§ **WHAT THE TASK ASKS**
Work through the records that follow and return each line containing the word "Artificial".
** DATA EXTRACT follows **
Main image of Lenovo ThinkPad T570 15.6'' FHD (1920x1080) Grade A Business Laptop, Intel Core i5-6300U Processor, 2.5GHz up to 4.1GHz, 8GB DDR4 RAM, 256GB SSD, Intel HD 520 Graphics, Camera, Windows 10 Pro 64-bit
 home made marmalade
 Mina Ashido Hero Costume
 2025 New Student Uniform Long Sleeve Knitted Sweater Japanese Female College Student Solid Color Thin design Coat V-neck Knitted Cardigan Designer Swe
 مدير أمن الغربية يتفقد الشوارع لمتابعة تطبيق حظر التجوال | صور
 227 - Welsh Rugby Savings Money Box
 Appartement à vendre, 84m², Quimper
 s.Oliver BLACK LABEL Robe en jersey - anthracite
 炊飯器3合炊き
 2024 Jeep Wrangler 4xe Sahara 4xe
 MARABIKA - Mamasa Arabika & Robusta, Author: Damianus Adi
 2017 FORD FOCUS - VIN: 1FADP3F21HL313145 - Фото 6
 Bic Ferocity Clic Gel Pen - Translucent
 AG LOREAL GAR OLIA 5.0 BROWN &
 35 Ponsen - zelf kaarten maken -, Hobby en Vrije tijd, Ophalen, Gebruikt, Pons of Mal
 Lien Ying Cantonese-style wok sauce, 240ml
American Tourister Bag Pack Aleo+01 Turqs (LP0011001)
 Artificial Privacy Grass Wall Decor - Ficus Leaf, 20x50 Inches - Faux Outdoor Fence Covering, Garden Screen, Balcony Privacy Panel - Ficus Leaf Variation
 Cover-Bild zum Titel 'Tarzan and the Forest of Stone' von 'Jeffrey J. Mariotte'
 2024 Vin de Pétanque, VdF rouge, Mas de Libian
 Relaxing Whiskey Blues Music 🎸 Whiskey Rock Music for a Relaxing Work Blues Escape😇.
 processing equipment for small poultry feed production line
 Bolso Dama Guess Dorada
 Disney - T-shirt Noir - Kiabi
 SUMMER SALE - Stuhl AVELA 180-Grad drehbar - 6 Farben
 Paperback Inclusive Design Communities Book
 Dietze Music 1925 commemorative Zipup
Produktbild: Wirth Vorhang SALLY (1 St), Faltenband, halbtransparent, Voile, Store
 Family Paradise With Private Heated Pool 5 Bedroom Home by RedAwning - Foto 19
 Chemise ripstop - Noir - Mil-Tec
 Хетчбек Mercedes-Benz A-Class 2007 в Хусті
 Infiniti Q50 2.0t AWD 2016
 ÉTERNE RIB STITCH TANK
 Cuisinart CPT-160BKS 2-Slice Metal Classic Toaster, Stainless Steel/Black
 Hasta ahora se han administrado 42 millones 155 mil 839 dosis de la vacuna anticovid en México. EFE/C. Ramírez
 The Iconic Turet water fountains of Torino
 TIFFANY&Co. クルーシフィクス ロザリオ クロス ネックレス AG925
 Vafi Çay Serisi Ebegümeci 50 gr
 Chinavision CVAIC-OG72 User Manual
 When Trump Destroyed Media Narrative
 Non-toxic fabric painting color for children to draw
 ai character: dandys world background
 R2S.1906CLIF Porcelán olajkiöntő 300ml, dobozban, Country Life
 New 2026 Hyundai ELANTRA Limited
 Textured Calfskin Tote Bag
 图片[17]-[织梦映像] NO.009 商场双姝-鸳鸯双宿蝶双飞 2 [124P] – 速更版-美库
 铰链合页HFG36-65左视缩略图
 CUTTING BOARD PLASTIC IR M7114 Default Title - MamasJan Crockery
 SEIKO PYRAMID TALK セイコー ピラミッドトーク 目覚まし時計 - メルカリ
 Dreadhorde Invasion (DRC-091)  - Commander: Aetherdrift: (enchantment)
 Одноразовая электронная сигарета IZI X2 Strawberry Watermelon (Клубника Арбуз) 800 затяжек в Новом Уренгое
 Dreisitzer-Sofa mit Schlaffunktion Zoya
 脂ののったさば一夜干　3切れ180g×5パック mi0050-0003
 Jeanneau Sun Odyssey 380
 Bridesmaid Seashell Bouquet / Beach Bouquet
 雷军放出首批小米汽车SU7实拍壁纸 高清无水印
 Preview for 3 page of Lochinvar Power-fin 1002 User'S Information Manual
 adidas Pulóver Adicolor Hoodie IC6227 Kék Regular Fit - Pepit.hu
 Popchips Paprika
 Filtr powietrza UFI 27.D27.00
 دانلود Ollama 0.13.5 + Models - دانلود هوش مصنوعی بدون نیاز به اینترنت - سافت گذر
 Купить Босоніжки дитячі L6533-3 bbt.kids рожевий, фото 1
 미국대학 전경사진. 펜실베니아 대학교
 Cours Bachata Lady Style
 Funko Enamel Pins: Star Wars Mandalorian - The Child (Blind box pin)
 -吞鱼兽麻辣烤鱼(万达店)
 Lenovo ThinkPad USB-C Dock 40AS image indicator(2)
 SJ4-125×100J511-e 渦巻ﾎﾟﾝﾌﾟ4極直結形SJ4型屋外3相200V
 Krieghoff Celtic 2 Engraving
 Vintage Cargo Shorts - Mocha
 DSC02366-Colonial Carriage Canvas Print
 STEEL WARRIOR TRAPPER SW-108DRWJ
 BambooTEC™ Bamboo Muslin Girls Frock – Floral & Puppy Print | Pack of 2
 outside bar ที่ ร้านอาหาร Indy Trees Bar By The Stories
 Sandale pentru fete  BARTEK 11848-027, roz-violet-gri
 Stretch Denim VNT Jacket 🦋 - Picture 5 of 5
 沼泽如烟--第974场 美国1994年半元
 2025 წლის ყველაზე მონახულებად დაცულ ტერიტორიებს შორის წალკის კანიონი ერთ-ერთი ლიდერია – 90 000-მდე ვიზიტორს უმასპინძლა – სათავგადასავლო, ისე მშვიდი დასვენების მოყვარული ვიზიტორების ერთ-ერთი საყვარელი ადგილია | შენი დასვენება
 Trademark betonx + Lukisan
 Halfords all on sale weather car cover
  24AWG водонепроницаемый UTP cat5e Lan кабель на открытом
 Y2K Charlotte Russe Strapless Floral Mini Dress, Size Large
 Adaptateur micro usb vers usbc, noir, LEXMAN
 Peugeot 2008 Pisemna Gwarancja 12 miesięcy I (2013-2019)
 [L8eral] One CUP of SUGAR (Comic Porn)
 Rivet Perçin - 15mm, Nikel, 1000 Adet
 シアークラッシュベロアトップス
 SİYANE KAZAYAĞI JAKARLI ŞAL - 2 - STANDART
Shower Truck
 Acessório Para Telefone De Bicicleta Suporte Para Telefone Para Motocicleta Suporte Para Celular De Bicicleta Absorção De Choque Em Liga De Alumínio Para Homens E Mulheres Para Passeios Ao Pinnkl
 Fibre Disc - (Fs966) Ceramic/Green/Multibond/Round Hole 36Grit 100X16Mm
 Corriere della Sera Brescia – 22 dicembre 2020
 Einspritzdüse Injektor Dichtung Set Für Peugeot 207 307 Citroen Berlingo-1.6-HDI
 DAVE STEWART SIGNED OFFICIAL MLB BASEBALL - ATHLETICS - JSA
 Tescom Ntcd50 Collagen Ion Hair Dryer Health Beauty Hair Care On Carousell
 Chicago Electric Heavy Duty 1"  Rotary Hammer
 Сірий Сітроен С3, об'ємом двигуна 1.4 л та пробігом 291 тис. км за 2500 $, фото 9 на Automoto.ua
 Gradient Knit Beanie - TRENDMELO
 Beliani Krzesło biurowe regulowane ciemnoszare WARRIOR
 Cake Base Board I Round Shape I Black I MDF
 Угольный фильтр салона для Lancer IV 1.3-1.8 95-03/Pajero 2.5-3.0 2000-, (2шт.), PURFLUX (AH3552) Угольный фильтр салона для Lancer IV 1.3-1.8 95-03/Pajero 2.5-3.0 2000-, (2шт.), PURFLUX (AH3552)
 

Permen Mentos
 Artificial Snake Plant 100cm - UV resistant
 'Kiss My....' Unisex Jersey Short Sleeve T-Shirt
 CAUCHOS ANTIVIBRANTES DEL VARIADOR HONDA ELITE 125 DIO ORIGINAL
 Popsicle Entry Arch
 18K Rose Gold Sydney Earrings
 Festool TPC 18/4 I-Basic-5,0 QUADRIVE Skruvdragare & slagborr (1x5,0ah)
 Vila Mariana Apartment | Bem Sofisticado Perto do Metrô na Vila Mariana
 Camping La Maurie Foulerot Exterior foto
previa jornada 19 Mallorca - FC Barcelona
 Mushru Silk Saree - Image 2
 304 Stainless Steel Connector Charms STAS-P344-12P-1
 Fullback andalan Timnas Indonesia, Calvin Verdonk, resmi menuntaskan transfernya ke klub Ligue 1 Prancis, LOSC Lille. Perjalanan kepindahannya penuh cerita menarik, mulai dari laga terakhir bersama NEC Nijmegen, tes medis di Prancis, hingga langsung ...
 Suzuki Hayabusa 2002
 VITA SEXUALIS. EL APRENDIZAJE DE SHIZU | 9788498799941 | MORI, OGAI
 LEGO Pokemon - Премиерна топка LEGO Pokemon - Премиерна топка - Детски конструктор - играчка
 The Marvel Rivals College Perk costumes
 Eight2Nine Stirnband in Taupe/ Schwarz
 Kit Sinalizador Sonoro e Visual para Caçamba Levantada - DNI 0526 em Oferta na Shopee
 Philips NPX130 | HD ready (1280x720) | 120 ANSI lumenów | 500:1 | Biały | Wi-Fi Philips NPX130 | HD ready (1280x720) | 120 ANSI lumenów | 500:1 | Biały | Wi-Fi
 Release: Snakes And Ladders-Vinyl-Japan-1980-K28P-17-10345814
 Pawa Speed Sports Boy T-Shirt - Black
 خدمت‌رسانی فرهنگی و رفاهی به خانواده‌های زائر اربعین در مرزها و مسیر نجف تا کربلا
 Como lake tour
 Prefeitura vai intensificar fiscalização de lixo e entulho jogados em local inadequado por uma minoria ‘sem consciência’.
** End of DATA EXTRACT **
§ **RESPONSE**
 Artificial Privacy Grass Wall Decor - Ficus Leaf, 20x50 Inches - Faux Outdoor Fence Covering, Garden Screen, Balcony Privacy Panel - Ficus Leaf Variation
 Artificial Snake Plant 100cm - UV resistant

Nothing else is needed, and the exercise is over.